The patch uses an existing configure.in macro to detect compiler support of the flag. Checking for aarch64 machine is
notstrictly necessary, but was added for readability.
 

Thank you!
Tsahi




Attachment

Re: [PATCH] audo-detect and use -moutline-atomics compilation flag for aarch64

From
"Zidenberg, Tsahi"
Date:
On 01/07/2020, 18:40, "Zidenberg, Tsahi" <tsahee@amazon.com> wrote:

> Outline-atomics is a gcc compilation flag that adds runtime detection of weather or not the cpu
> supports atomic instructions. CPUs that don't support atomic instructions will use the old 
> load-exclusive/store-exclusive instructions. If a different compilation flag defined an architecture
> that unconditionally supports atomic instructions (e.g. -march=armv8.2), the outline-atomic flag
> will have no effect.
>
> The patch was tested to improve pgbench simple-update by 10% and sysbench write-only by 3%
> on a 64-core armv8.2 machine (AWS m6g.16xlarge). Select-only and read-only benchmarks were
> not significantly affected, and neither was performance on a 16-core armv8.0 machine that does
> not support atomic instructions (AWS a1.4xlarge).
>
> The patch uses an existing configure.in macro to detect compiler support of the flag. Checking for
> aarch64 machine is not strictly necessary, but was added for readability.

Added a commitfest entry:
https://commitfest.postgresql.org/29/2637/

Thank you!
Tsahi





Hi,

On 2020-07-01 15:40:38 +0000, Zidenberg, Tsahi wrote:
> Outline-atomics is a gcc compilation flag that adds runtime detection
> of weather or not the cpu supports atomic instructions. CPUs that
> don't support atomic instructions will use the old
> load-exclusive/store-exclusive instructions. If a different
> compilation flag defined an architecture that unconditionally supports
> atomic instructions (e.g. -march=armv8.2), the outline-atomic flag
> will have no effect.

Sounds attractive.


> The patch was tested to improve pgbench simple-update by 10% and
> sysbench write-only by 3% on a 64-core armv8.2 machine (AWS
> m6g.16xlarge). Select-only and read-only benchmarks were not
> significantly affected, and neither was performance on a 16-core
> armv8.0 machine that does not support atomic instructions (AWS
> a1.4xlarge).

What does "not significantly affected" exactly mean? Could you post the
raw numbers?  I'm a bit concerned that the additional conditional
branches on platforms without non ll/sc atomics could hurt noticably.

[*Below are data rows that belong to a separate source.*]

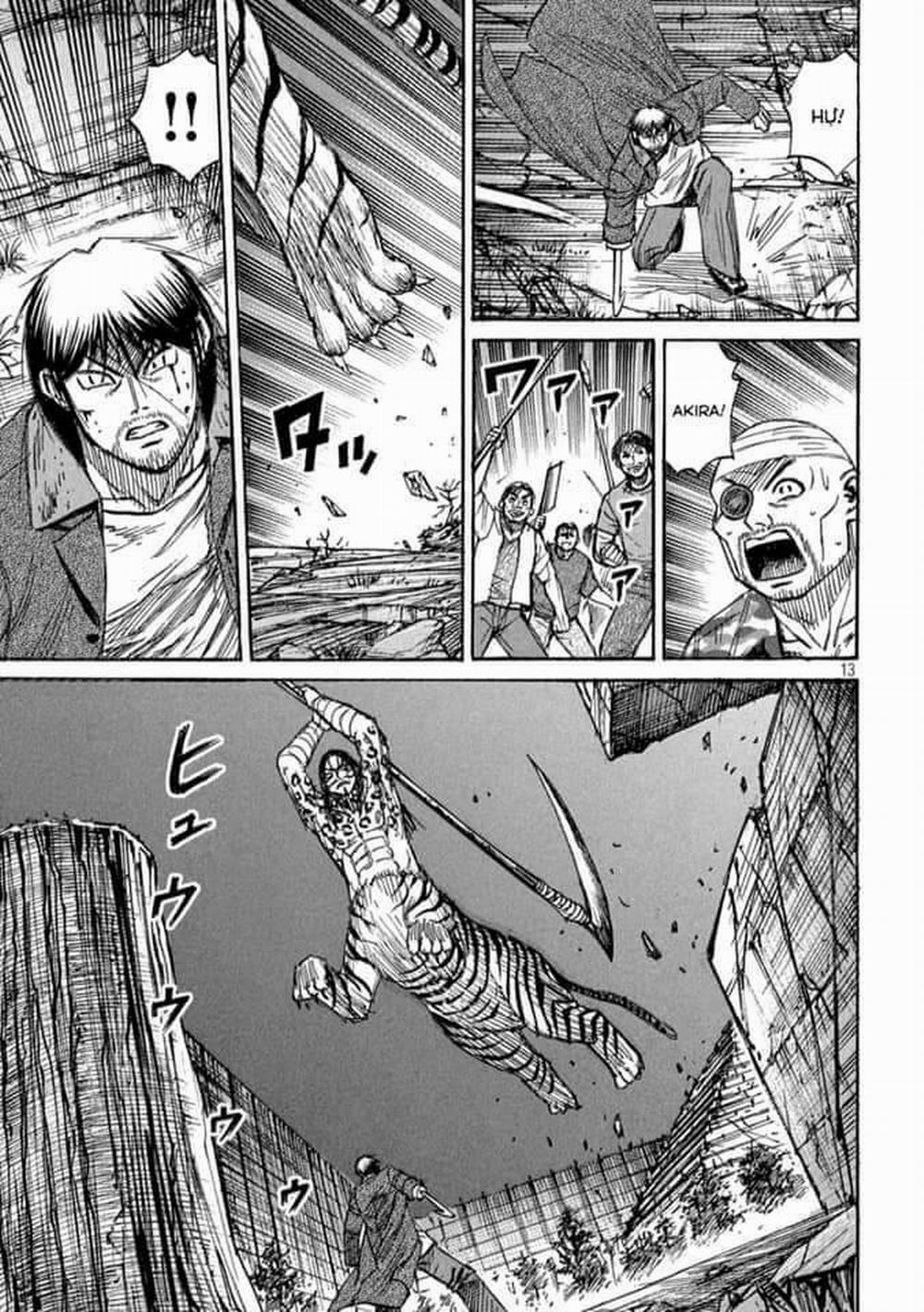 Đảo Ma Cà Rồng Phần 3 812 trang 13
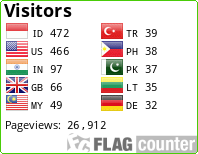 Flag Counter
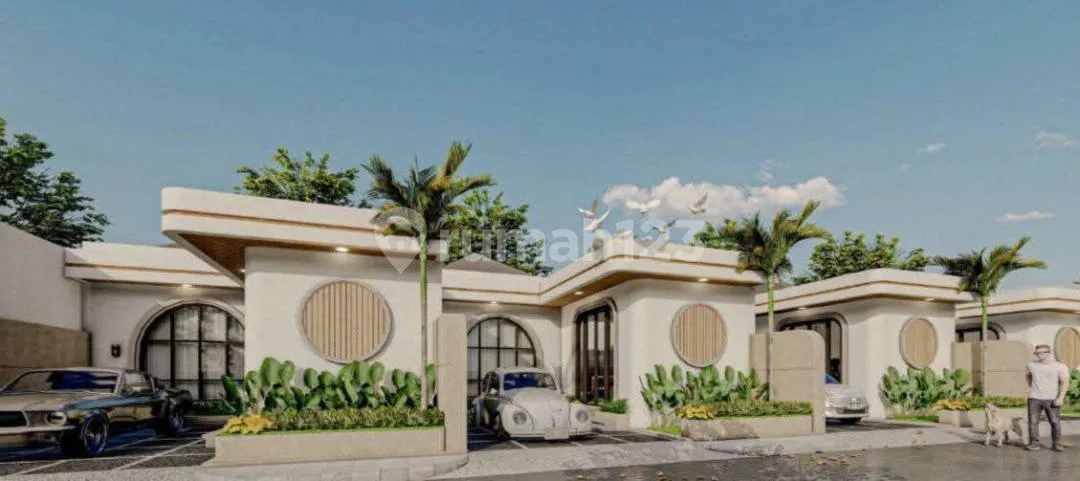 Villa Baru Minimalis di Jimbaran Bali Dekat ke Bandara - Image 2 of 4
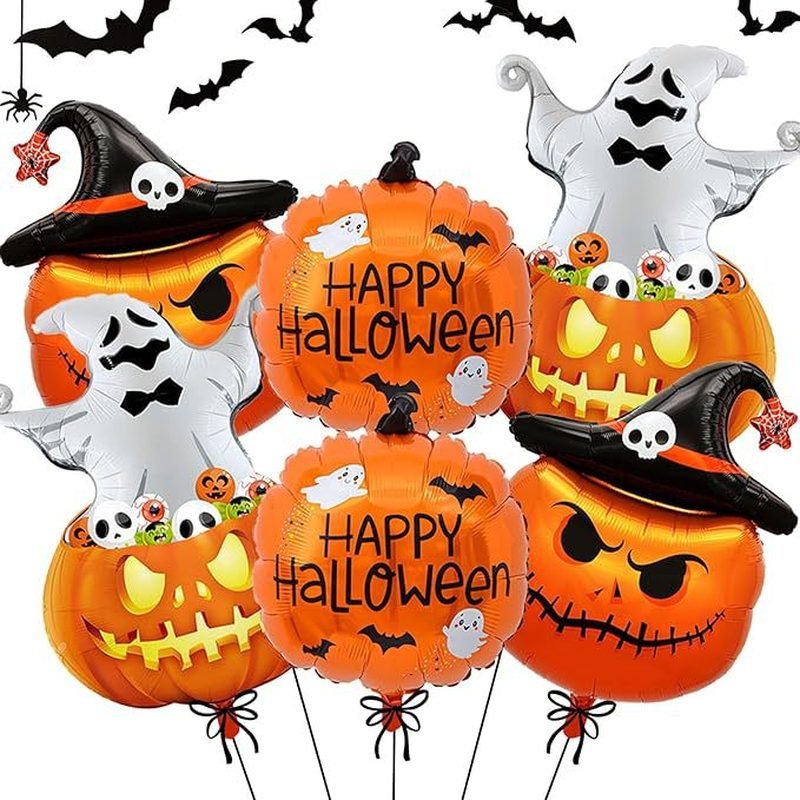 Globo de Halloween C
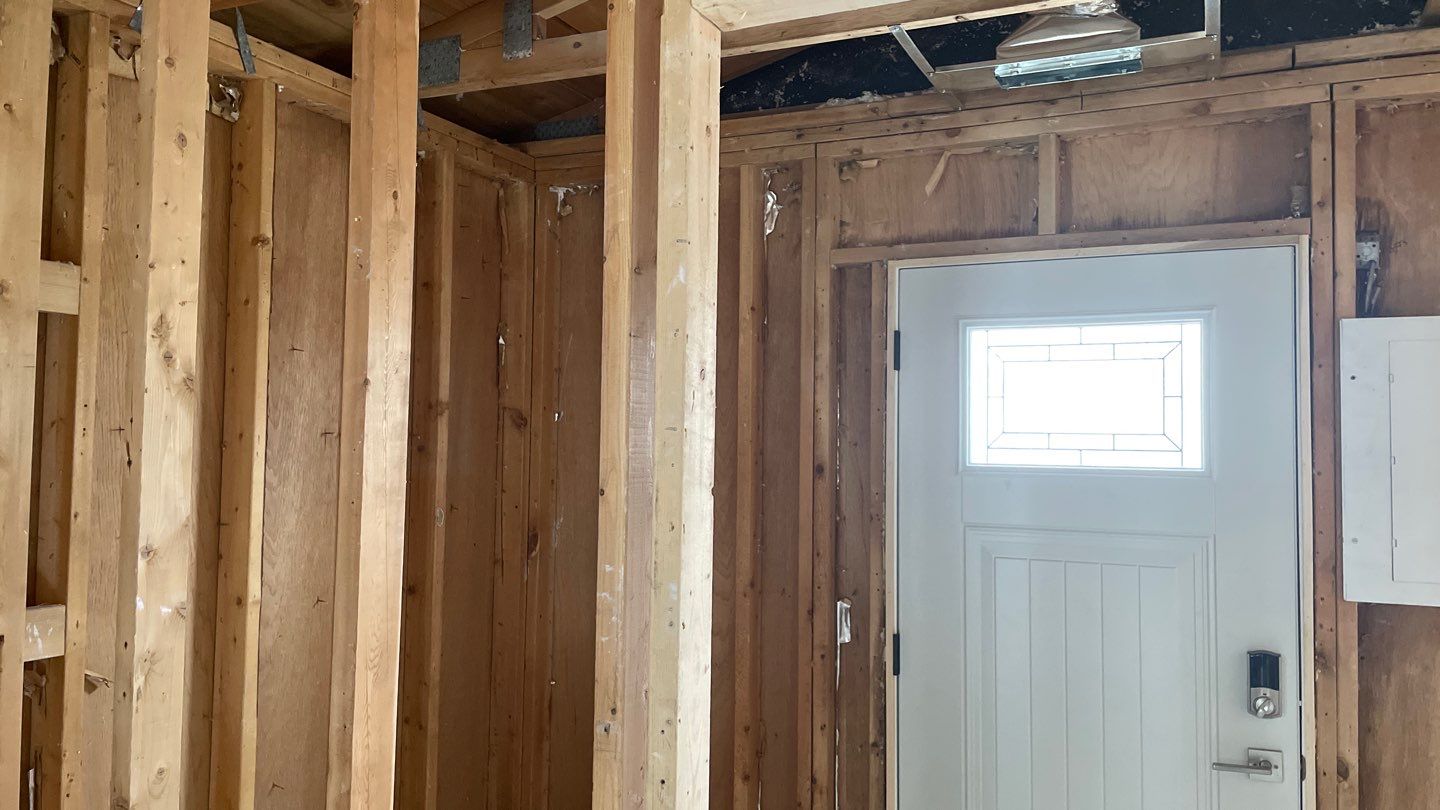 A little bit goes a long way. by Weather-Tite Exteriors LLC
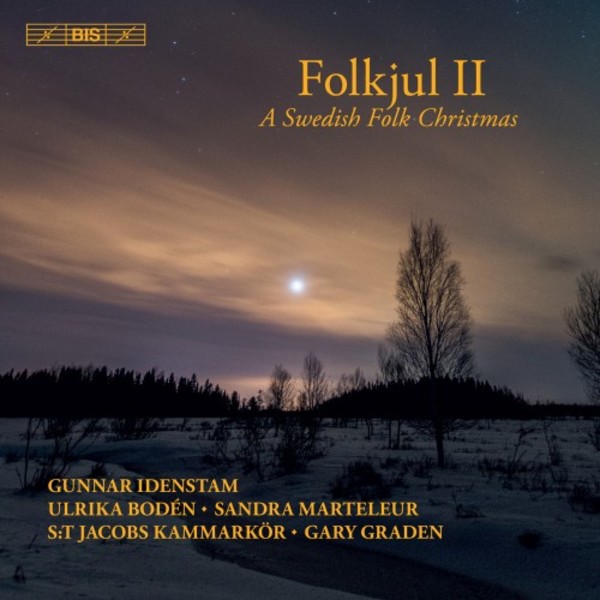 Folkjul II: A Swedish Folk Christmas | BIS BIS2334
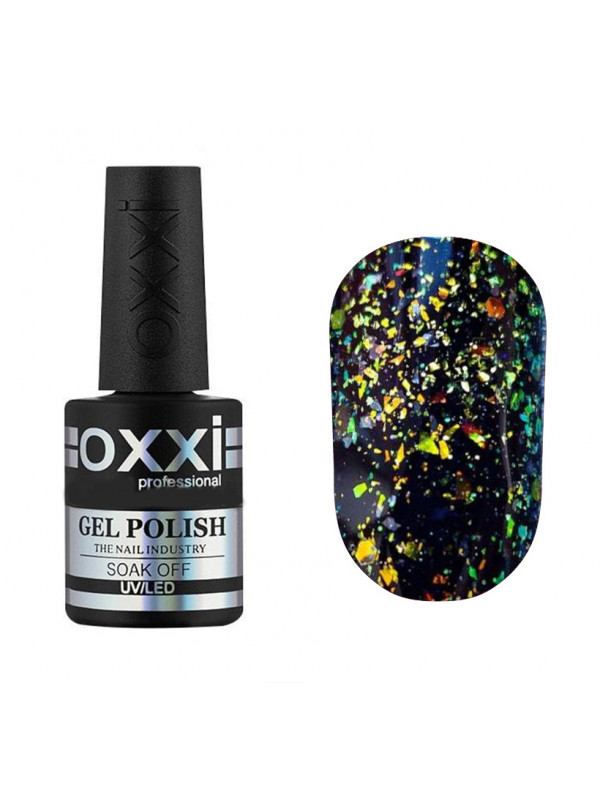Oxxi Rumba Gel Polish №04 , 10 ml
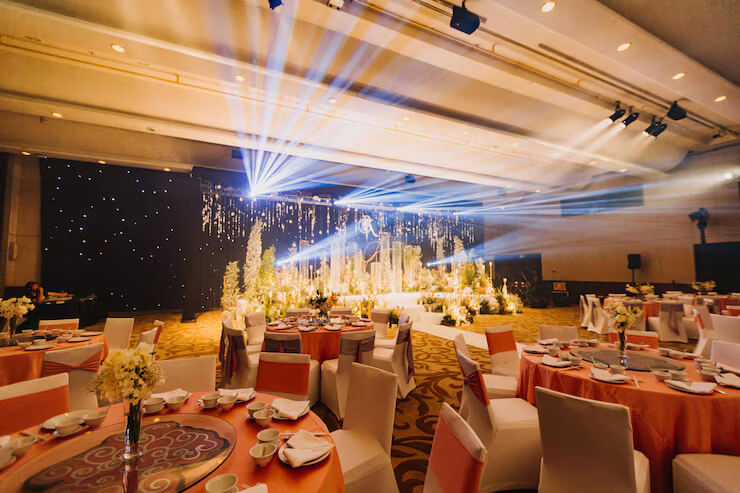 Excalibur Marketing|Events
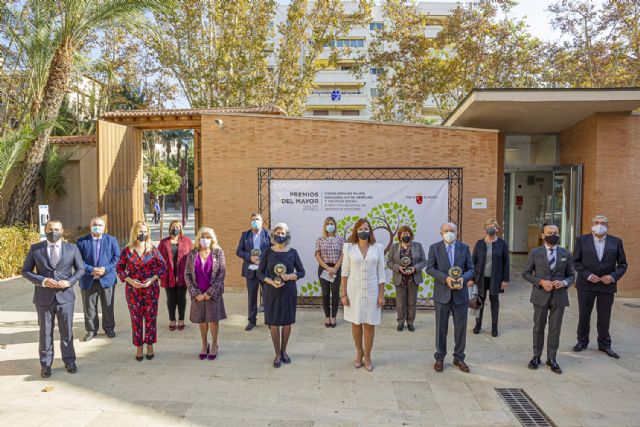 Los Premios del Mayor 2020 reconocen la trayectoria y dedicación a favor de los mayores - 1, Foto 1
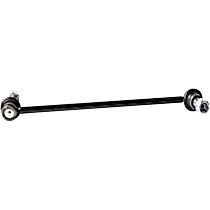 Front, Driver Side Sway Bar Link, 4-Door, Sport Utility, mfrbodycodename: R52, OE Replacement Series
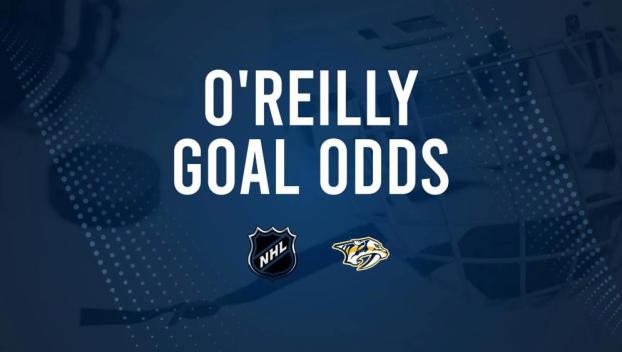Will Ryan O'Reilly Score a Goal Against the Jets on February 27?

I'm surprised that read-only didn't benefit - with ll/sc that ought to
have pretty high contention on a few lwlocks.

Could you post the numbers?

Greetings,

Andres Freund



Re: [PATCH] audo-detect and use -moutline-atomics compilation flag for aarch64

From
"Zidenberg, Tsahi"
Date:
Hello!

First, I apologize for taking so long to answer. This e-mail regretfully got lost in my inbox.

On 24/07/2020, 4:17, "Andres Freund" <andres@anarazel.de> wrote:

    > What does "not significantly affected" exactly mean? Could you post the
    > raw numbers?

The following tests show benchmark behavior on m6g.8xl instance (32-core with LSE support)
and a1.4xlarge (16-core, no LSE support) with and without the patch, based on postgresql 12.4.
Tests are pgbench select-only/simple-update, and sysbench read-only/write only.

.                      select-only.     simple-update.    read-only.           write-only
m6g.8xlarge/vanila.      482130.         56275.              273327.               33364
m6g.8xlarge/patch.       493748.         59681.              262702.               33024
a1.4xlarge/vanila.        82437.         13978.               62489.                2928
a1.4xlarge/patch.         79499.         13932.               62796.                2945

Results obviously change with OS / parameters /etc. I have attempted ensure a fair comparison,
But I don't think these numbers should be taken as absolute.
As reference points, m6g instance compiled with -march=native flag, and m5g (x86) instances:

m6g.8xlarge/native.       522771.        60354.               261366.              33582
m5.8xlarge.               362908.        58732.               147730.              32750

    > I'm a bit concerned that the additional conditional
    > branches on platforms without non ll/sc atomics could hurt noticably.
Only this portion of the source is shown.